WWDC 2022 Keynote Thoughts and Predictions

The major topic of conversation in the lead up to WWDC, was will any of it be live? Will this one day format featuring the Keynote, State of the Union and Apple Developer Awards be the way WWDC is run going forwards? I guess we won’t know until next year, but it looks like we have a few things to look forward to this year too!

iOS

The majority of rumours around updates to iOS this year focus on support for the rumoured forthcoming iPhone Pro. The iPhone Pro is set to move from the notch to dual hole punch camera and sensor, in addition to receiving an upgrade to its Pro Motion display. Last year the iPhone’s Pro displays were updated to support 120hz, but this year they will also be updated to throttle down all the way to 1hz like the Apple Watch, enabling an always on display without the draw back of significant power consumption. To make use of this I am expecting to see improvements to the lock screen, notifications and widgets, to bring the experience closer to using watch complications.

iPadOS

The major area holding back iPadOS from being the computer for the rest of us, is its lacklustre support for multitasking and larger external displays. Now that both the iPad Air and iPad Pro now have the same internals as the MacBook Air and iMac, with the M1 SOC, and indeed a USB-C port, it’s certainly isn’t the hardware that is holding it back.

This year I expect to see iPadOS get full external display support beyond just mirroring , allowing unrelated windows to be spread across both the internal and external display. I would be surprised to see the ability overlap windows like macOS, but if this is limited to when connected to a keyboard and trackpad it is a possibility.

macOS

Information regarding this years macOS update is few and far between, but with the transition to Apple silicon occupying a number of Apple’s engineers for the last few years maybe this will be a small release, with mainly cosmetic changes and the migration of more apps from iOS using Catalyst and SwiftUI.

watchOS

New and updated watch faces, new workout types … isn’t that what we get most years?

Shortcuts

Shortcuts in reality was the biggest change to macOS last year, and indeed it’s becoming more and valuable on iOS as its triggers and actions our expanded. I expect shortcuts to see a number of improvements, with the ability to run them globally using a keyboard short cut on both macOS and iPadOS being top of my wishlist.

HomeKit and homeOS

The HomeKit ecosystem isn’t as large as either or Amazon’s or Google’s, but I’m a big fan of its reliability and local network support, and for the couple of devices I have purchased that don’t support HomeKit I have managed to bridge them across using Homebridge. That being said, the Home app is cumbersome to navigate, taking way to many to interactions to find anything, so if the device you are looking for isn’t in the current screen you end up feeling frustrated or having to ask Siri, which isn’t always an option, but to be fair has been reasonably reliable whenever I use it.

Moreover with the imminent launch of Matter (it has been imminent for a while now, with support for it present in the HomePod mini and iOS 15) it feels like Apple are going to double down on the Home and try and use its privacy focus to regain some ground on its compertion .

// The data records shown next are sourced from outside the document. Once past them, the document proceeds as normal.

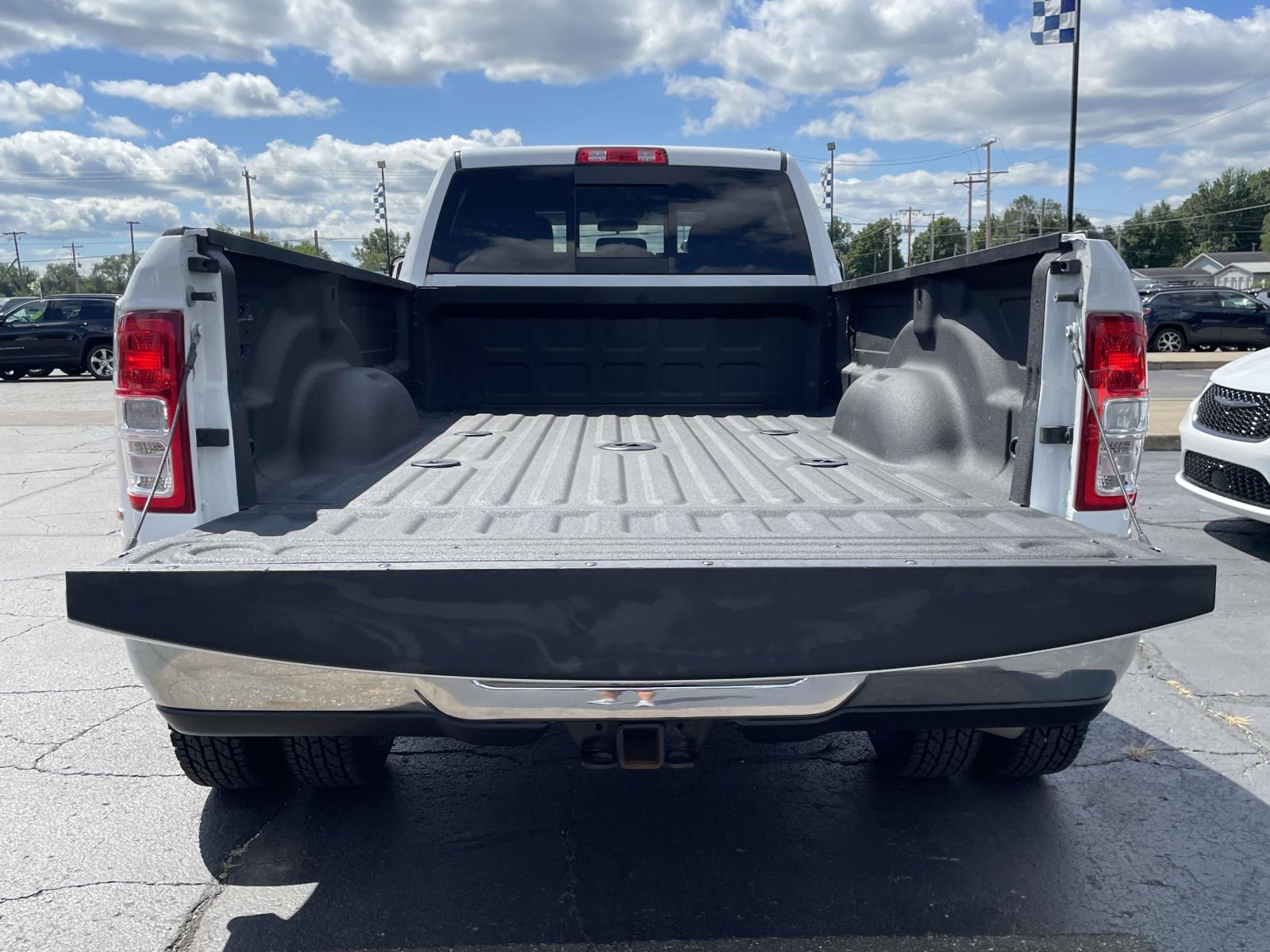 2022 Ram 3500 Tradesman 34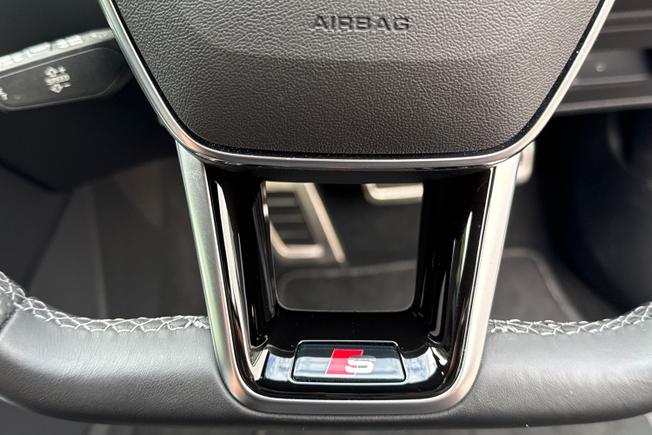 Audi A6 Saloon Photo 26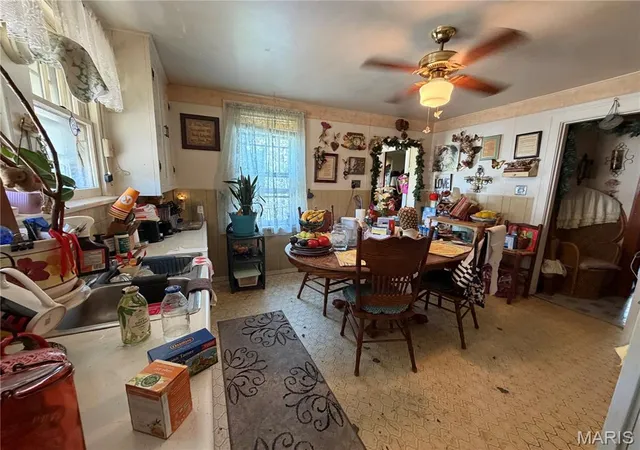 Photo 4 of Sale Pending at 613 Wabash Ave, Belleville, IL 62220 | MLS# MIS26038900 | Listing updated on 2026-09-30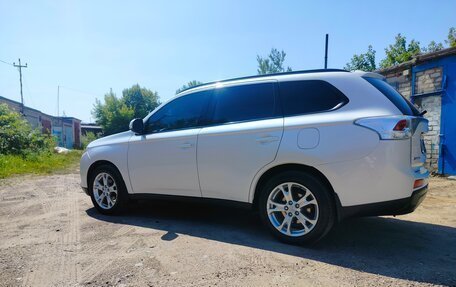 Mitsubishi Outlander III рестайлинг 3, 2012 год, 1 150 000 рублей, 6 фотография
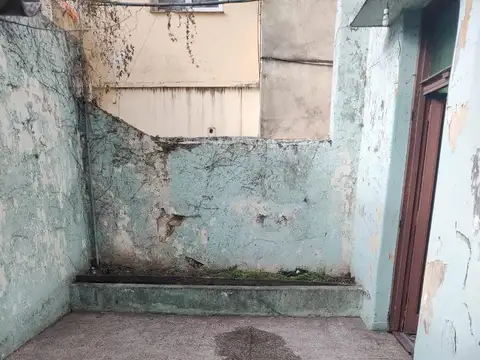 Depto Tipo Casa en Venta 40 años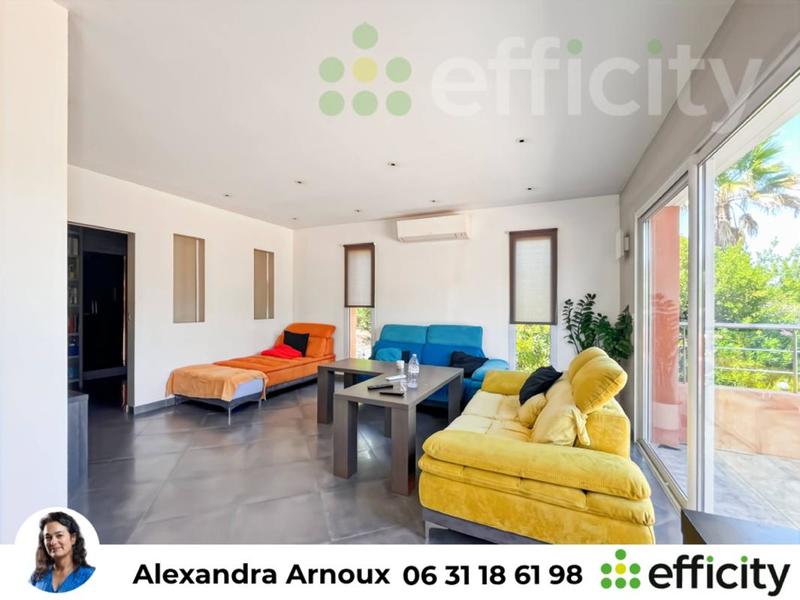 Villa - 175 m² - 6 pièces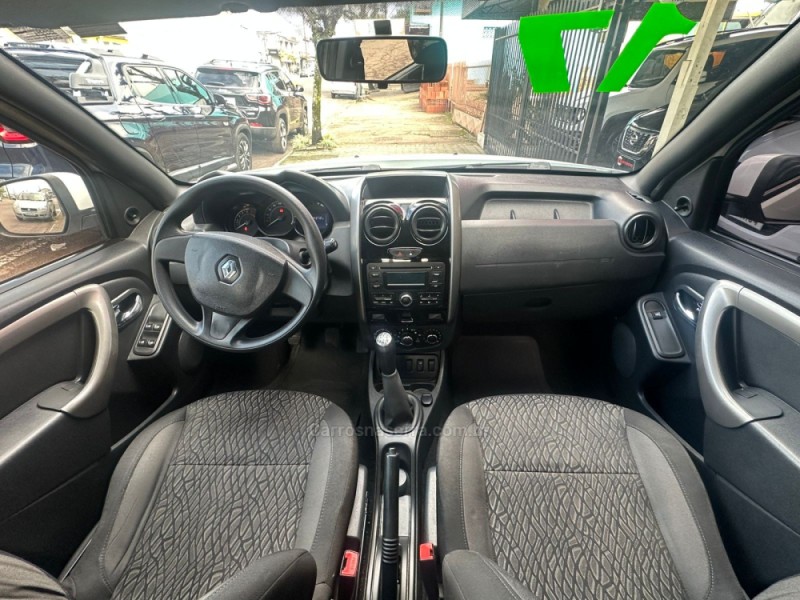 DUSTER 1.6 EXPRESSION 4X2 16V FLEX 4P MANUAL - 2017 - PAROBé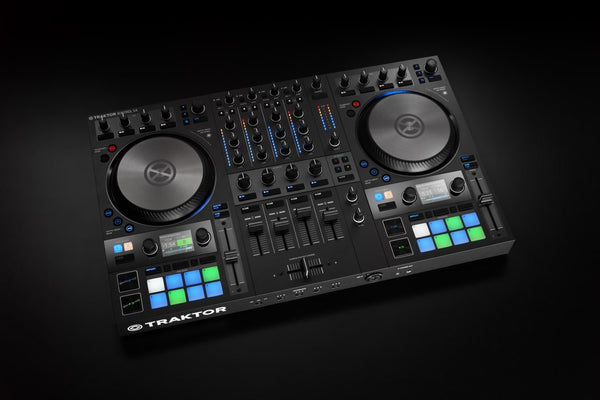 Native Instruments DJ Accessories Native Instruments TRAKTOR Kontrol S4 DJ System with Haptic Drive NITS4 Buy on Feesheh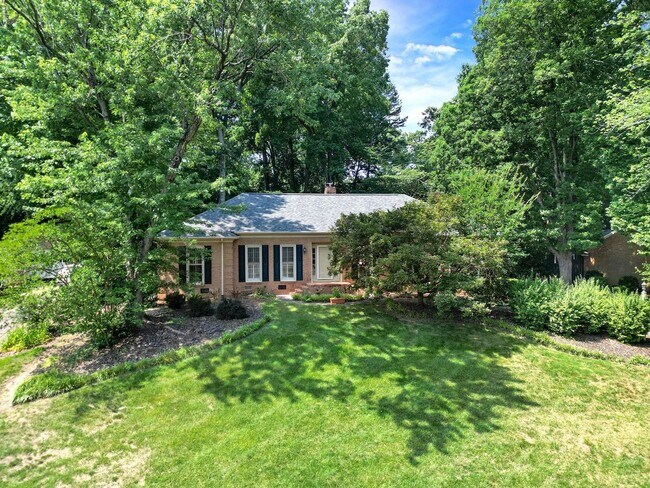 Building Photo - Lovely 3 Bed 2 Bath Ranch Home in South Park!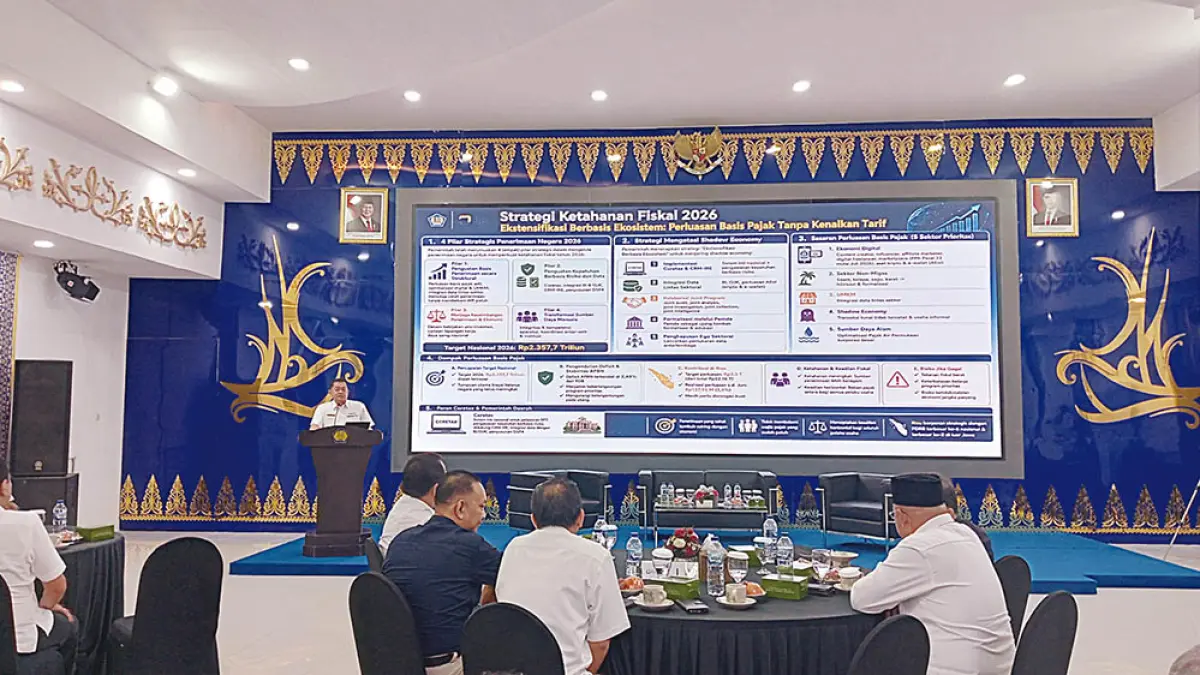 Kepala Kanwil DJP Riau YFR Hermiyana membuka secara langsung momentum peringatan Hari Pajak bertema Pajak Tumbuh, Indonesia Tangguh yang diisi dengan diskusi bersama stakeholder di aula Hang Tuah lantai 4 Kanwil DJP Riau, Kantor Wilayah Direktorat Jenderal Pajak Riau, Jalan Jenderal Sudirman, Pekanbaru, Senin (13/7/2026). (Prapti Dwi Lestari/riau pos)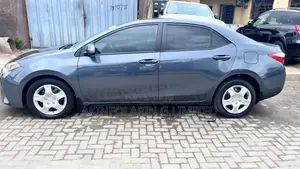 Toyota Corolla 2015 Gray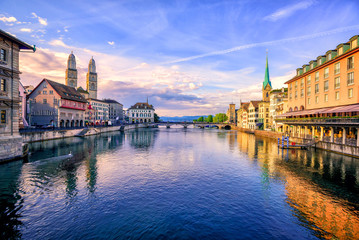Old town of Zurich on sunrise, Switzerland - obrazy, fototapety, plakaty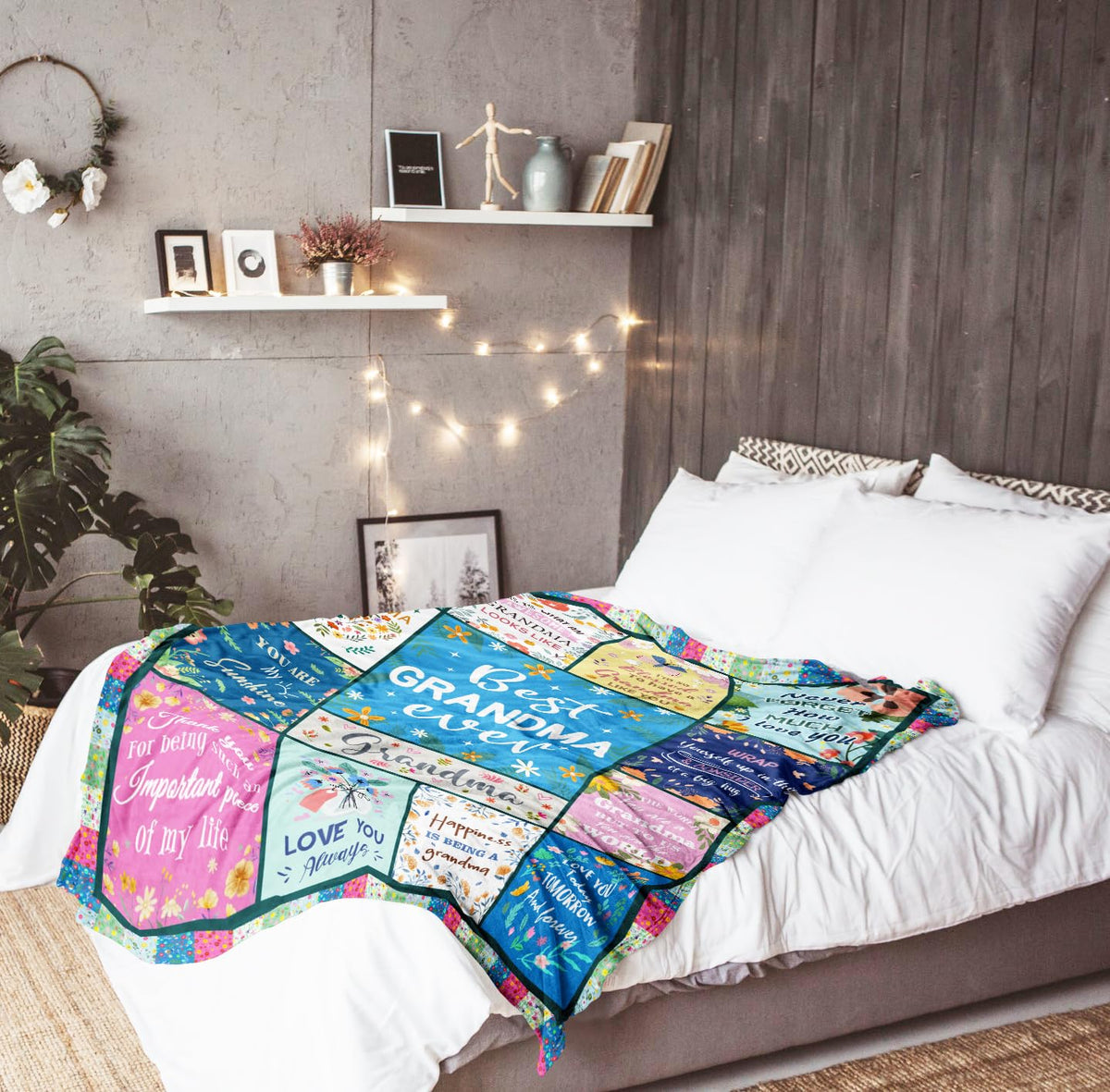 Nicetous travel-friendly blanket folds compactly for picnics.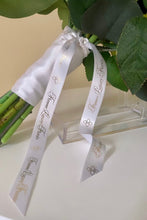 Load image into Gallery viewer, Ivory Rose Wedding Bouquet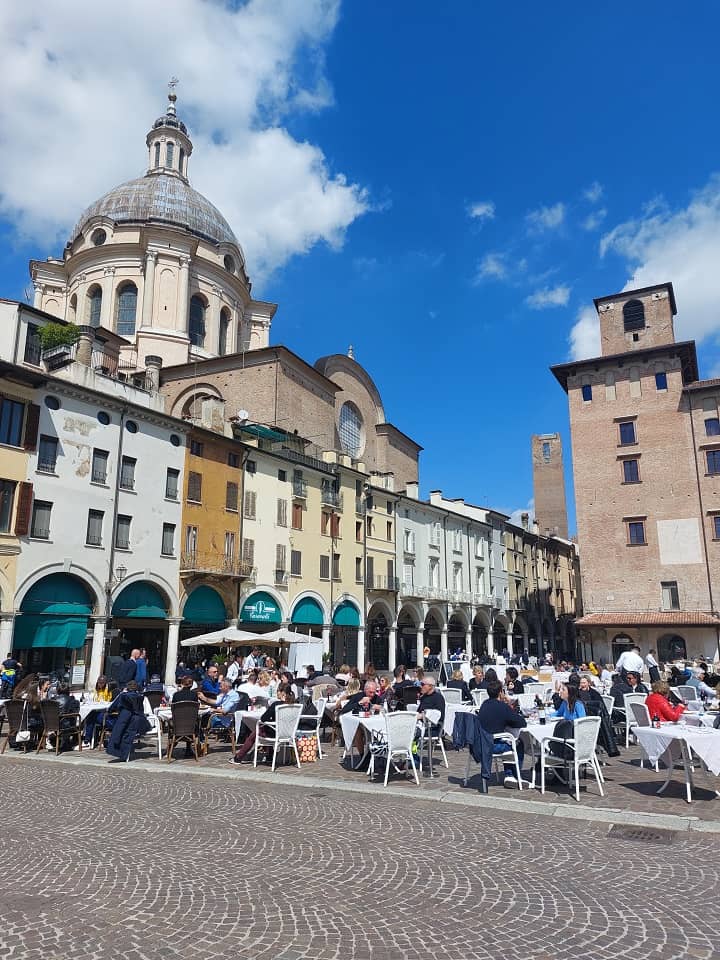 persone che mangiano in piazza delle erbe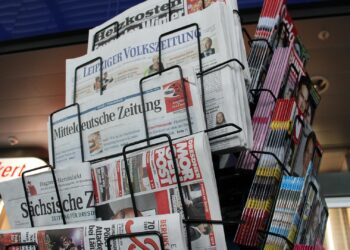 Zeitungen und Zeitschriften an einem Kiosk (Archiv)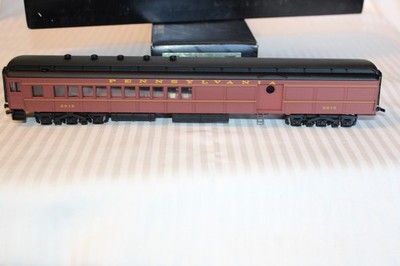 HO Scale Spectrum, Combine Car, Pennsylvania, Tuscan Red, #9916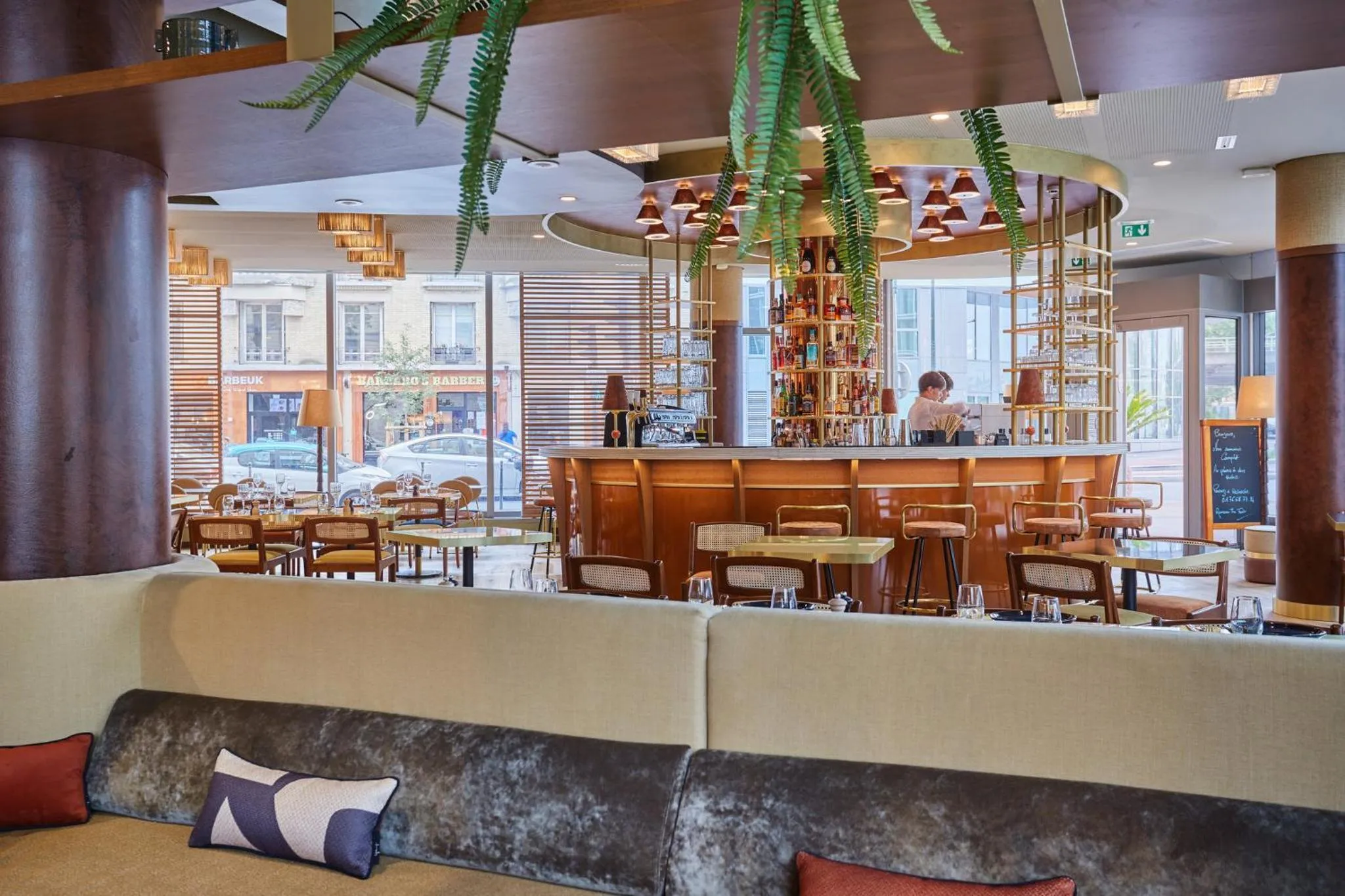 Restaurant/places to eat in Voco Paris - Porte de Clichy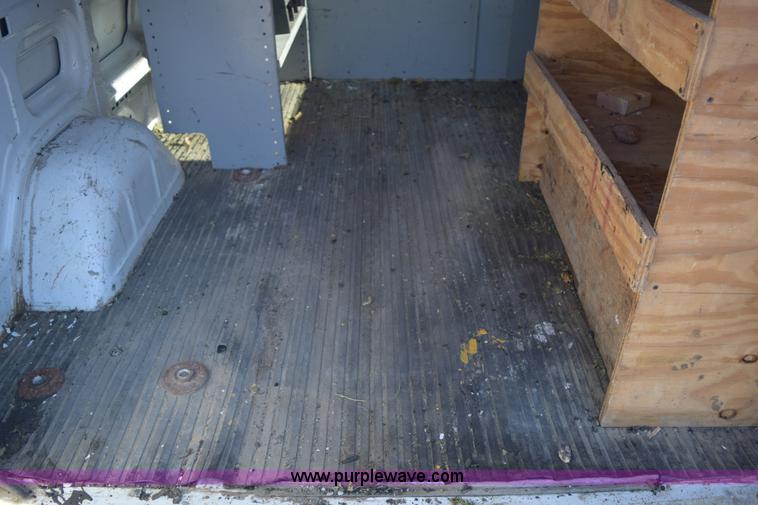 image for item E6095 2001 GMC Safari van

I expect to see support for more device types, with additional support in shortcuts.

AR Headset

Will they or won’t? If they do, will the initial version be aimed at consumers or priced as developer preview? On the latter question, I don’t think its Apple’s style to release something priced prohibitively so the majority of their customers can’t afford it. On the flip side. making it available exclusively to developers, akin to a transition kit might makes sense for a new hardware category, although they didn’t for the Apple Watch or iPad. That being said, I think we are still too early, although I would expect to see additional AR features announced and be available to developers in the latest versions of iOS and iPadOS.

Hardware

WWDC has leant heavily into it being a developer conference for the last few years, with announcements focusing on the software ecosystem. The exception to this rule is the Mac Pro, which Apple already alluded to during the last keynote that it is the final Mac yet to be updated to Apple Silicon. I would expect to see an unveiling of the new Mac Pro as a bit of crowd pleaser at the event, with a release at the end of the year. The Mac having made to Apple silicon first, namely the MacBook Air, will have to wait too later in the year for a hardware refresh.

SwiftUI

SwiftUI on paper is great, in fact if all you are doing is simple bits of UI it is. The problem is as soon as you step outside of its comfort zone you end up having to drop back to the platform libraries, which always feels in elegant even if you are only trying to support 1 platform. Moreover, even thought SwiftUI encourages small views, the way you structure apps, in particular navigation, means you end up with a heavily intertwined app akin to the Storyboard UI approach that proceeded it. This isn’t so bad for a solo developer working on an app with 20 screens, but a team of 10 working on 100 screens … that’s not so fun.

I am expecting SwiftUI to receive a major update to help iron out a number of the edges, in addition to improving the tooling in general … and not making macOS development with SwiftUI feeling like an after thought.